What is the difference between Bedrock Customization and SageMaker for fine-tuning?

Bedrock Customization is a managed service that minimizes infrastructure overhead — training costs $8 for 2,000 examples. SageMaker gives granular control over hyperparameters and instance types — the same job costs $65 due to the ml.g5.48xlarge instance.

What is the trade-off with the LoRA + serverless approach?

Latency increases — cold-start TTFT is 639 ms (34% above the base model), warm start is 380 ms (7% above). Token generation drops to 183 tokens per second (27% drop). In return, there is no fixed infrastructure cost.

Who typically uses this kind of setup?

Companies with variable workloads where a self-hosted model would sit idle regardless of usage. LoRA + serverless is ideal for internal BI tools, internal chat assistants, and occasionally used SQL interfaces.

AWS Nova Micro for Text-to-SQL: fine-tuning + serverless Bedrock for $0.80 per month

Amazon Web Services published a detailed case study on April 16, 2026, on building a text-to-SQL system using Nova Micro with LoRA fine-tuning and Bedrock on-demand inference. Authors Zeek Granston and Felipe Lopez present two parallel implementations — one through Amazon Bedrock Customization and one through SageMaker AI — and provide a clear cost breakdown for each approach.

Why LoRA + serverless?

The traditional self-hosted approach for custom SQL generation requires constant infrastructure — GPU instances running 24/7 regardless of usage. For internal BI tools where SQL is generated occasionally, this is a massive waste.

Low-Rank Adaptation (LoRA) enables fine-tuning of only a small additional parameter layer on top of the base model. When combined with serverless inference, you pay only per token — no fixed costs when the system is idle. AWS describes this approach as “custom text-to-SQL without the cost of continuous model hosting.”

Concrete costs

The post delivers a precise economic analysis that is rare in AWS technical materials:

One-time training cost:

Bedrock Customization: $8.00 (2,000 examples, 5 epochs)
SageMaker AI: $65.15 (4-hour job on ml.g5.48xlarge)
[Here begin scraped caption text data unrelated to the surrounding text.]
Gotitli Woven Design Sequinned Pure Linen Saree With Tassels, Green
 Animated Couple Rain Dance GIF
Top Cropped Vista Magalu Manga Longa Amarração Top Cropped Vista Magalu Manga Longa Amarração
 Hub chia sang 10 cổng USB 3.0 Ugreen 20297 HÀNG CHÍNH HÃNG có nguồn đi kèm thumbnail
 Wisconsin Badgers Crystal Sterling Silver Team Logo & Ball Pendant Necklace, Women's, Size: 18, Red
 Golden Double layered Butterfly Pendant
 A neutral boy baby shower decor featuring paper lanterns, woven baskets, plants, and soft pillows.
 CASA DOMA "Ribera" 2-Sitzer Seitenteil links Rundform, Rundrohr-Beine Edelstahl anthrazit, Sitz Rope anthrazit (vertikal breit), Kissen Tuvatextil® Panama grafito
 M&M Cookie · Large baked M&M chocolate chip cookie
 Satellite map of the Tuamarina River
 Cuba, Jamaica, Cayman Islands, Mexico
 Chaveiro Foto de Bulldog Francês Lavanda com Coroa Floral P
Monthly production workload of 22,000 queries:

Input cost: $0.616
Output cost: $0.184
Total monthly: $0.80

The difference is dramatic compared to any self-hosting scenario, where a GPU instance alone would cost several hundred dollars per month regardless of query volume.

Technical hyperparameters

The authors share the concrete configuration that worked through Bedrock:

Number of epochs: 5
Learning rate: 0.00001
Warmup steps: 10
Training duration: 2–3 hours

Training data came from the public sql-create-context dataset with more than 78,000 natural language and SQL query pairs. Training and validation loss curves consistently decrease and converge — an indicator of stable fine-tuning without overfitting.

The latency cost

There is no free lunch. The LoRA adapter adds overhead during inference:

Cold-start TTFT (time-to-first-token): 639 ms (34% above base model)
Warm-start TTFT: 380 ms (7% above)
Token generation rate: ~183 tokens/second (27% below base model)
End-to-end response: ~477 ms

AWS describes this latency as “still very suitable for interactive applications” — a description that warrants careful interpretation. For a user interface where SQL is generated as the user types, an extra ~30 percent latency is acceptable. For a batch process generating hundreds of queries at once, the cumulative overhead can be significant.

When to use this approach

AWS explicitly targets variable workloads where cost is a priority over absolute speed. Typical scenarios include internal BI tools in enterprises, chat assistants for legacy databases, and analytics tools used occasionally rather than continuously. For systems with high and predictable volume, dedicated hosting remains more economical.